Estimates show that the recovery of depleted fish stocks has
the potential of feeding an additional 90 million people, while
the 40 million tonnes of fish and seafood that are discarded can
satisfy the daily protein needs of a further 370 million people
for a year.
Preventing further food loss due to degradation of ecosystems
is a challenge. An estimated 5–25 per cent of the world’s food
production may be lost by 2050 due to climate change, land
degradation, cropland losses, water scarcity and species
infestations. Of these, water scarcity and land degradation are
the most significant, strengthening further the importance of
restoring ecosystems to become more resilient to change.
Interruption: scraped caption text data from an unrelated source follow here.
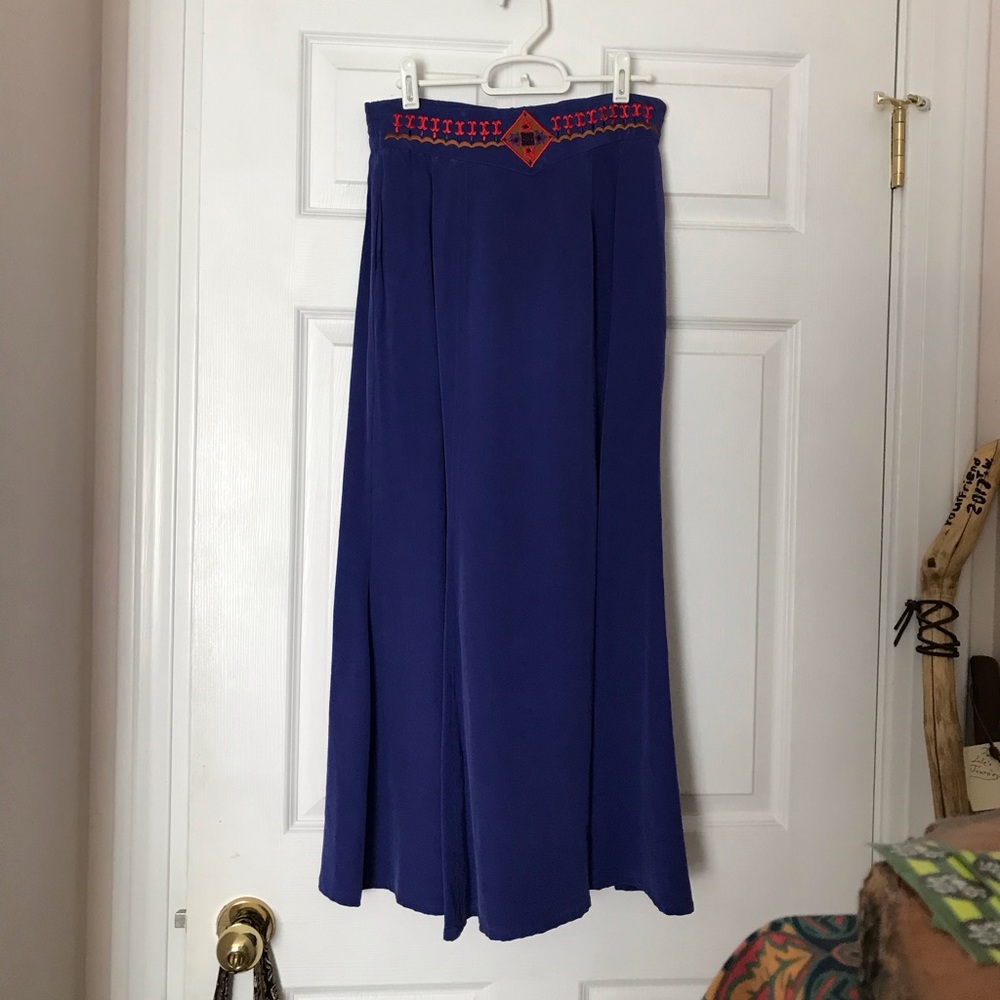 Vintage Adam Douglass Boho Skirt  100% Silk with Pockets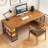 Brown + Black Rectangular Solid Wood + Iron art desk-2015411270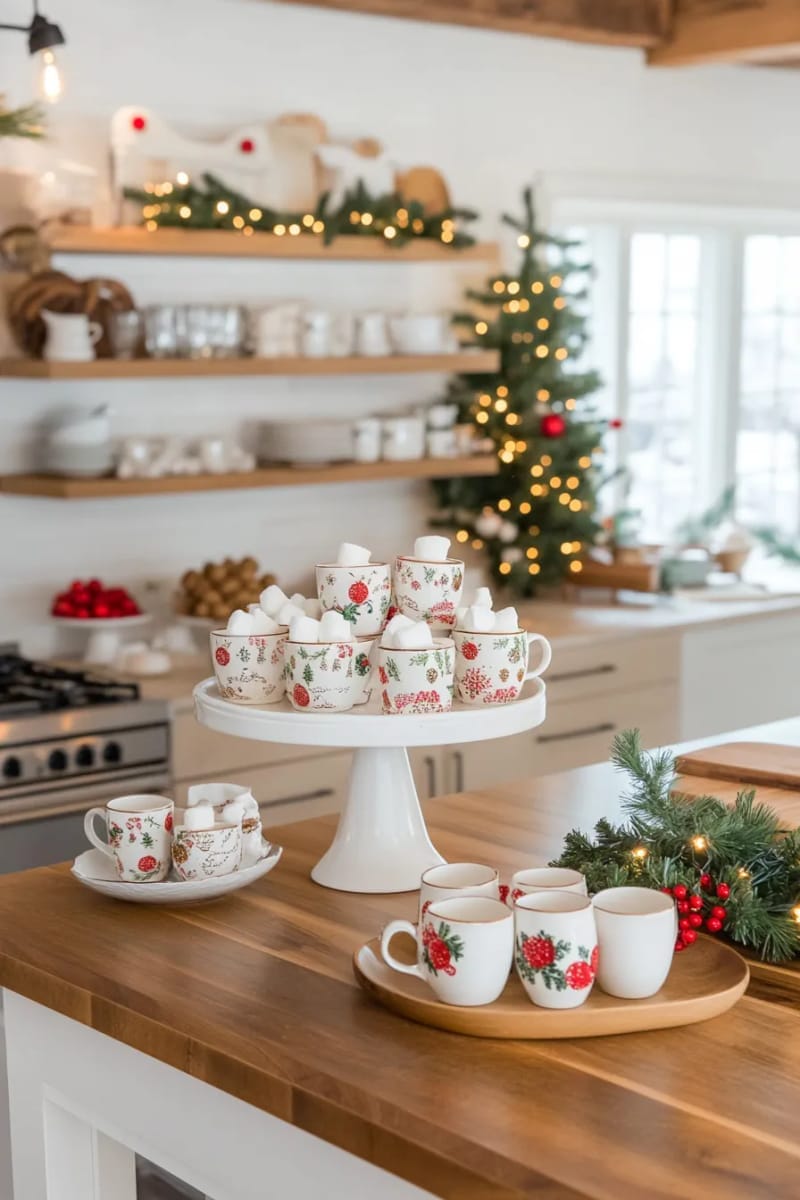 23 Christmas Countertop Decor Ideas Guests Can’t Stop Talking About 34 white cake stand topped with stacked christmas mugs and marshmallows 1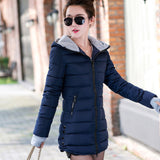 2018 women winter hooded warm coat slim plus size candy color cotton padded basic jacket female medium-long  jaqueta feminina - Hobbyvillage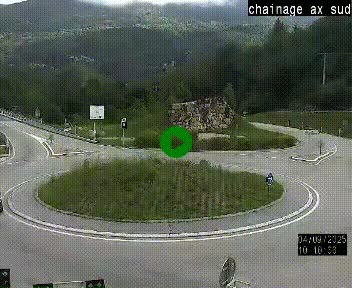 Webcam au nord d'Ax-les-Thermes au niveau de l'aire de chaînage de la N20. Vue orientée vers les Pyrénées, en direction de Pas de la Case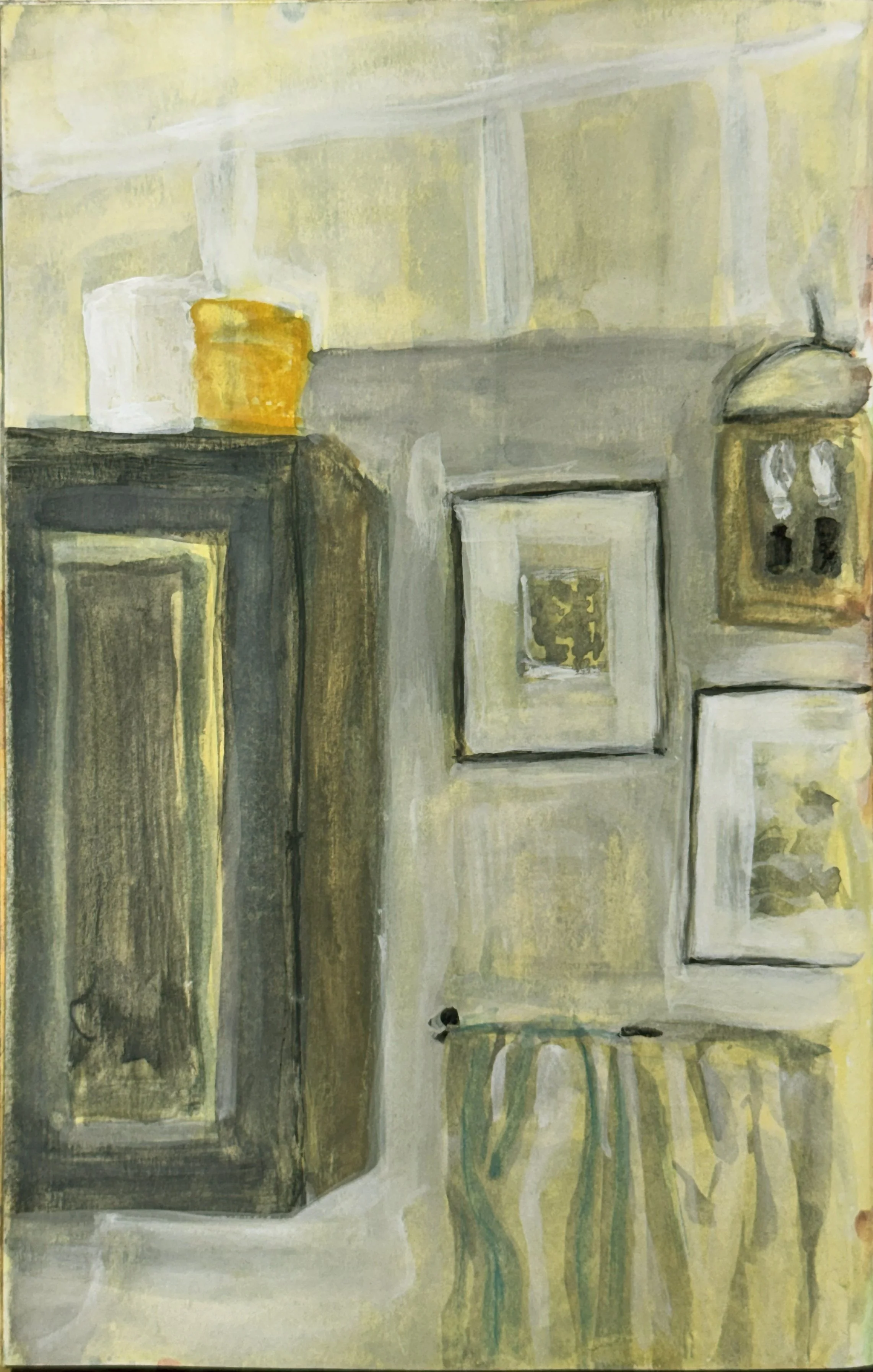 CABINET, SCONCE, PICTURES, 9 x 6 inches, gouache on Fabriano paper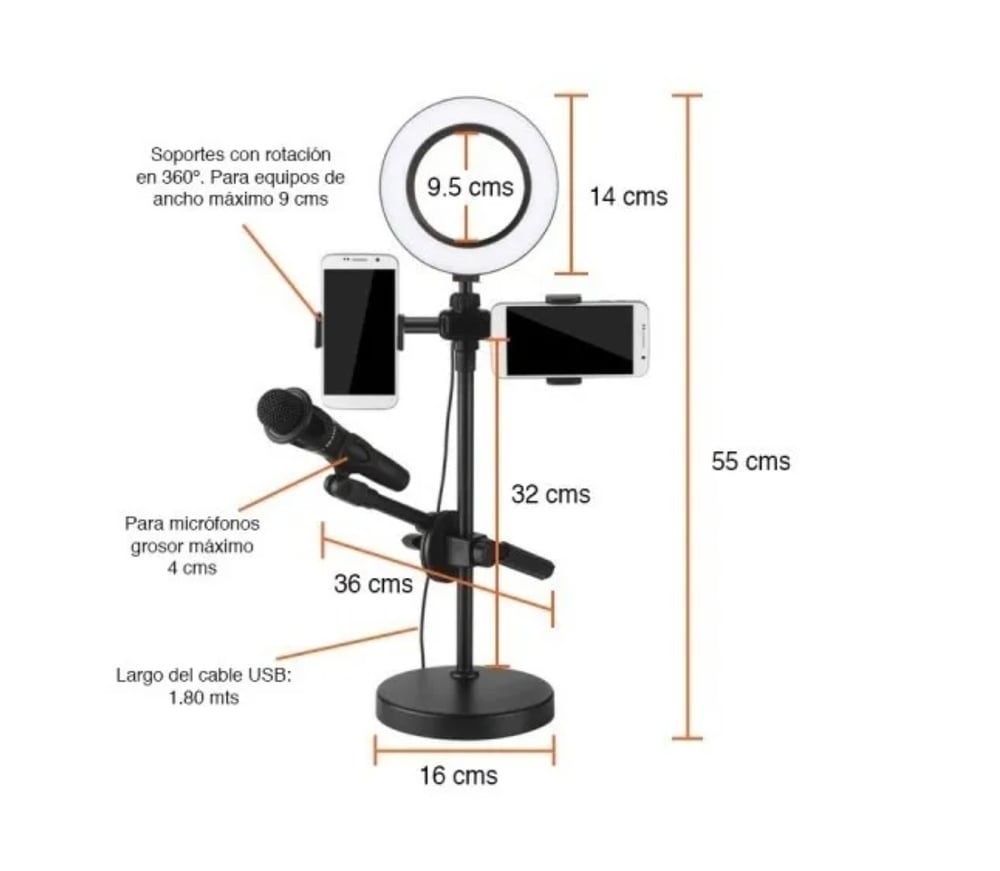 Foto 2 | Kit De Anillos De Luz Para Fotografía Con Soporte Para Teléfono Móvil Y Micrófono - Venta Internacional.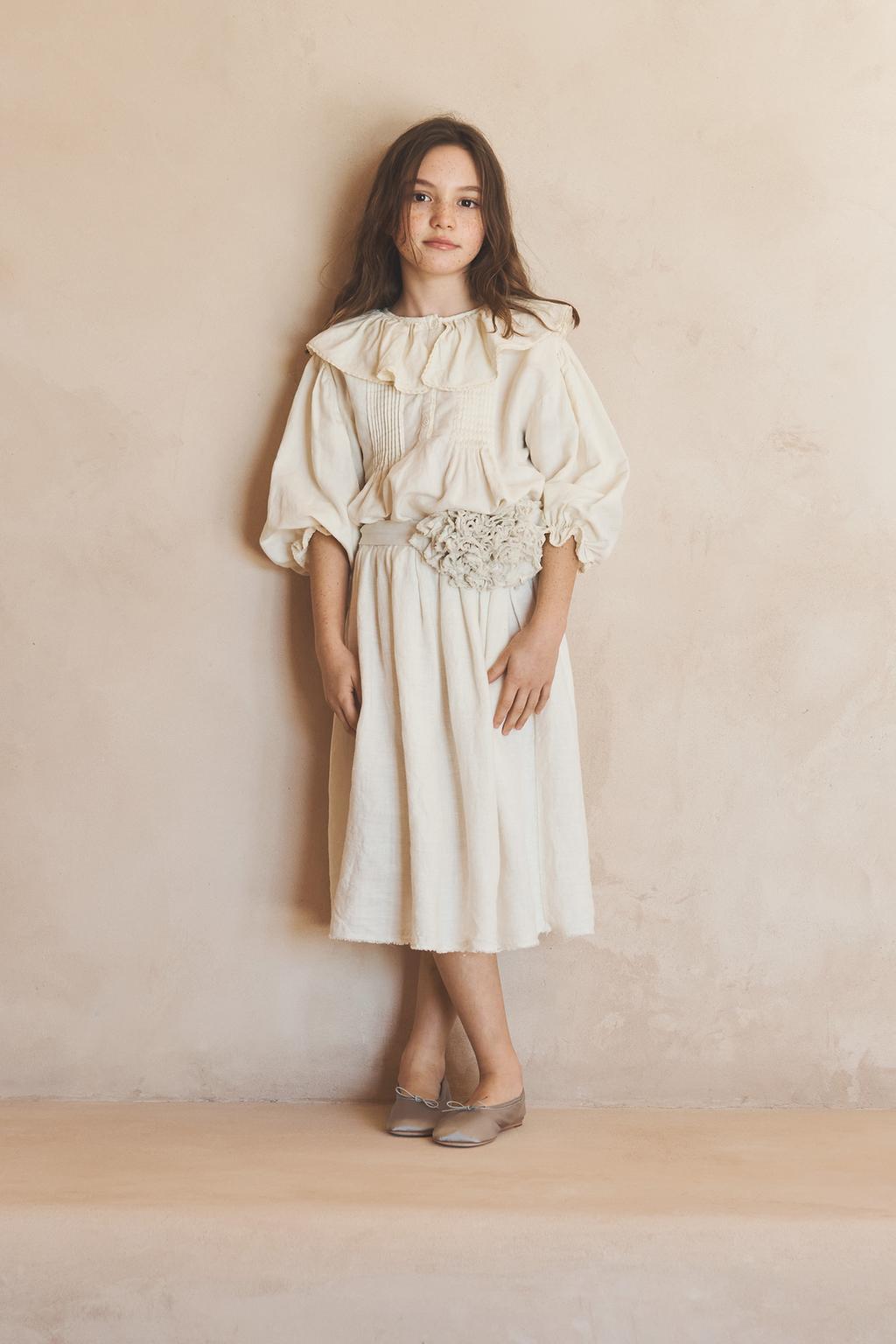 Юбка-миди из 100% льна с поясом limited edition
Dependence on cropland expansion, intensified fisheries and
aquaculture as the only solutions to increasing demands for
food is likely to undermine the very environmental resources
upon which food production is based. Restoring degraded lands
through improvedwater conservation, tree planting and organic
farming systems, along with reducing illegal fisheries and
unsustainable harvest levels are key components to improving
food security where it is needed most, while sustaining a green
economy and local livelihoods and markets.
In conclusion, with over 2 billion hectares of degraded land,
food produced on 1.4 billion hectares being lost and wasted and
an increasingly large share of food production going to animal
feed, a new agricultural and food consumption paradigm is
needed for sustainable food production. Such a paradigm shift
towards sustainable production calls for investing in better
management of food producing ecosystems.